It was one of those cold, crisp autum mornings, misty at first, but the sun was burning in it off as I marched up the hill. Fremantle Common looked stunning as I passed, with the last wispy traces clinging to the trees and the sun lighting up the leaves. It was tempting to walk through but I had one eye on the time so I passed by regretfully and strode on towards Peartree.
On the green the branches of the pear tree were bowed down with the weight of tiny golden pears. As I was looking up at them, wondering if they were ripe, a lady walking her dog stopped.
”Lovely aren’t they?” she said.
We talked for a while about the ancient pear tree that gave the area its name and this modern replacement.
“I’m not sure if you’re really allowed to pick them but we always do,” she said plucking a pear from a low branch and caressing it lovingly.
”They’d only go to waste otherwise, although I’ve never actually eaten one,”I admitted.
”Oh you must. They’re wonderfully juicy.
So I reached up and picked a pear myself. It felt hard and I wasn’t sure it would be ripe but, when I bit into it, it was delicious, firm, like an apple, but filled with sweet juice, just as she’d said.
Enjoying the last of the little pear, I crossed the road to check the church door wasn’t open. It rarely is but if it had been I might have abandoned my plan to walk to Hamble there and then. Peartree Church is the oldest Anglican Church in the world and, so far, I’ve never managed to be there at the right time to get a look inside. The door was shut so I walked on.
Soon I was passing under the railway bridge and entering Woolston.
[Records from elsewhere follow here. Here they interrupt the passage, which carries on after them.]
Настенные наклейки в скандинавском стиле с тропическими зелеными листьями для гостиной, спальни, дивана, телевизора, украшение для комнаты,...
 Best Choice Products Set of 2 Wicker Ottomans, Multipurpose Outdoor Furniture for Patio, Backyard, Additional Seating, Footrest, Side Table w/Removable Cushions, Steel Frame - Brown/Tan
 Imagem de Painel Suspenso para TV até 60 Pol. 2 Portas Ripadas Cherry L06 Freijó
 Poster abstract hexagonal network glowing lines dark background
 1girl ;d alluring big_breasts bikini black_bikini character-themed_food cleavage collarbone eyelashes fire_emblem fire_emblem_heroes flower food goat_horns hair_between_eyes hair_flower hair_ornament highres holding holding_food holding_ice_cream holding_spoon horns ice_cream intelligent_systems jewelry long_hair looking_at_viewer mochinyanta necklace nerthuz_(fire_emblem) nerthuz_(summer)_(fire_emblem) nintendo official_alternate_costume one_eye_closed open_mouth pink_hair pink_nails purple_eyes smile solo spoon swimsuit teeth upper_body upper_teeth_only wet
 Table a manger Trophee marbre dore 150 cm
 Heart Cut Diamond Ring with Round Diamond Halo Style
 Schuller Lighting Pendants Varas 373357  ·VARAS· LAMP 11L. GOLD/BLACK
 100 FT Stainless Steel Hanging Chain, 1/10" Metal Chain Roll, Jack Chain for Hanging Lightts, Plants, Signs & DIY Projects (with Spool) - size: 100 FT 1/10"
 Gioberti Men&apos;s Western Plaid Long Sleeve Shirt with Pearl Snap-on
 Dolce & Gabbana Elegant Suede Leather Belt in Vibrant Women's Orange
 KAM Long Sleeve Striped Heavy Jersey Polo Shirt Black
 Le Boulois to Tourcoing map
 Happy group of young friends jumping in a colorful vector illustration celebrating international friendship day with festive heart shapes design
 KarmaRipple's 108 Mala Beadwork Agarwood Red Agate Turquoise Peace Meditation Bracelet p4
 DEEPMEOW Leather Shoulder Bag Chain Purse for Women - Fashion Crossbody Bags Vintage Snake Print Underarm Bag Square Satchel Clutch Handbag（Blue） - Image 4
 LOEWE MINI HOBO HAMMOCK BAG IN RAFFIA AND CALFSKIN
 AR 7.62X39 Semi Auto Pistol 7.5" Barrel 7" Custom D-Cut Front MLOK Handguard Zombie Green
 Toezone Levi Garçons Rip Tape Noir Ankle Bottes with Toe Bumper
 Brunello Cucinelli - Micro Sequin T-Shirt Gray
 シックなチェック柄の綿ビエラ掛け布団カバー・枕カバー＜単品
Once upon a time this was the only bridge on Bridge Road, now the Itchen Bridge mirrors it a few yards on and, just beyond it, is the Millennium Garden.
When I lived in Woolston this was a largely forgotten area, just weeds and advertising hoardings on wasteland left by the blitz of World War II. Long before my time there was a branch of the National Provincial Bank on the corner but the bomb that left a huge crater in the road in front of the bridge decimated it. Now it is a curious half shop, selling pizza and ice cream. The garden, with its feather sculpture, is a vast improvement and a wonderful landmark.
Without stopping I carried on through Woolston towards the shore. There was one brief pause to snap a rather confused ghost sign on the corner of Lake Road. Until fairly recently, the sign was covered by an advertising hoarding so I’d never really noticed it. Now I stood for a while trying to work out what it might once have said. As far as I could tell it looked like two separate signs painted one over the other.
So far I was making good progress. I’d allowed myself a fairly generous two hours for the five or so mile walk and I was approaching the half way point. The sun was sparkling on the sea, sail boats were scudding across the waves and I could see the dome of the Royal Victoria Country Park Chapel amid the trees in the distance. It didn’t seem too far off. For the first time all morning I slowed my pace and enjoyed the view.
With time on my hands I thought I might stop for an ice cream and sit for a little while on my favourite bench. When I reached the end of the promenade though, the ice cream van was missing. It was low tide and the exposed shingle was filled with wet seaweed and crows pecking about looking for cockles. When they found one they’d fly high in the air and drop it to crack it open and get to the juicy flesh within. As I passed the bench something startled the hungry birds and the air was filled with cawing crows as I carried on along the shore path.
On I went, crunching through the shingle behind the fallen sea wall. Soon I was passing Netley Castle and the gap where there were once gates leading onto the beach. Just ahead was the place where the path collapsed after the storms. It has been repaired now but seeing how flimsy it was and how easily broken doesn’t give me a great deal of confidence in walking it.
There was a certain amount of dithering. I didn’t entirely trust the path but I didn’t want to leave the shore and cut through the park to the road. I was enjoying the sound of the lapping waves and the exhilarating sea breeze too much. In the end I risked the path. Luckily it held up to my plodding steps.
Usually this is where I leave the shore. There’s a path just beyond the Conker fields where CJ and I ate our snacks not long ago. It leads up to Victoria Road and the shops and houses of Netley. As I still had time to kill and the tide was so far out, I decided to take the alternative route along the shingle. It would be more direct and would mean I didn’t have to leave the sea but it would almost certainly take me longer. Walking on loose shingle is a time consuming business and tiring.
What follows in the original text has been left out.